Developer Pods provide serverless, on-demand GPU compute for development, training, and inference workloads. You choose a pod from the catalog, configure it, deploy it, and access it over SSH.


Step 1: Open Developer Pods Catalog

Open the Developer Pods catalog to view available SKUs, GPU types, and hourly pricing.

Developer Pods Catalog

The catalog includes options such as:

  • 1 x H100 GPU
  • 2 x H100 GPU
  • 1 x L40S GPU
  • 2 x L40S GPU

Select the SKU that matches your workload profile.


Step 2: Configure Pod Basics

After selecting a catalog item, enter the pod configuration values:

  • Name (required)
  • Description (optional)
  • Compute SKU (auto-selected from catalog)
  • Workspace (required)

Pod Basic Configuration


Step 3: Configure Compute and Runtime

Set the compute profile and image/runtime options for the pod.

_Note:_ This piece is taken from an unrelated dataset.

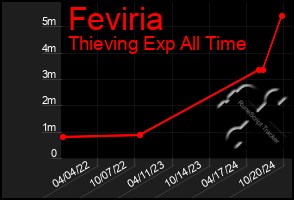 Total Graph of Feviria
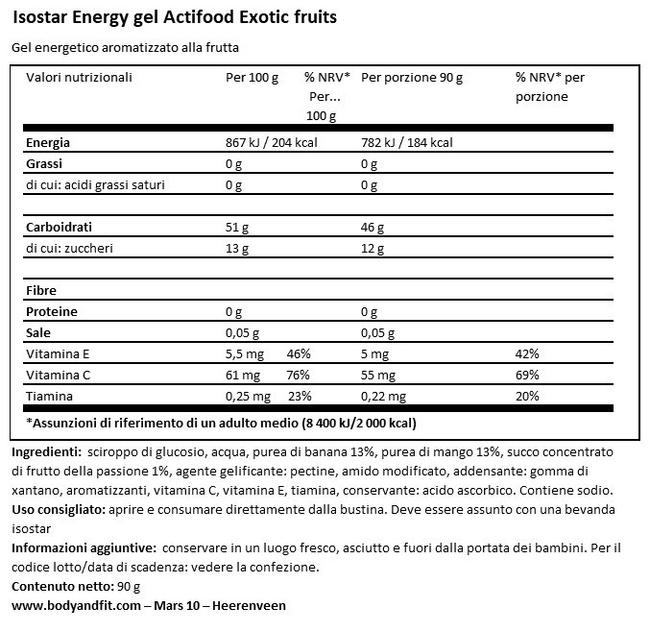 Fruit Gel Energy Actifood Nutritional Information 1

Pod Resource Configuration

Choose the pod image from the available options (for example Ubuntu and PyTorch/CUDA variants).

Pod Image Options


Step 4: Review Cost Estimate

Before deployment, review the cost panel showing estimated monthly and hourly pricing for the selected configuration.

Pod Cost Estimate

Info

Pods are billed hourly, and minimum usage can be a fraction of an hour.


Step 5: View Deployed Pods

After deploying, use the pods list to monitor status and manage instances across workspaces.

View Pods

The list view provides:

  • Pod name
  • Workspace
  • Created timestamp
  • Status
  • Actions menu

Step 6: Access Pod via SSH

Open a pod from the list to view its details and output section.

Access Pod

Use the provided commands in order:

  1. Create/download the private key file.
  2. Run the SSH command to connect to the pod.

Example format:

ssh -i <key-file>.key ubuntu@<public-ip> -p <port>

Step 7: Delete Pod

From the actions menu in the pods list, choose Delete to remove a pod.

Delete Pod

Warning

Pod deletion is irreversible. Back up any required data before deleting.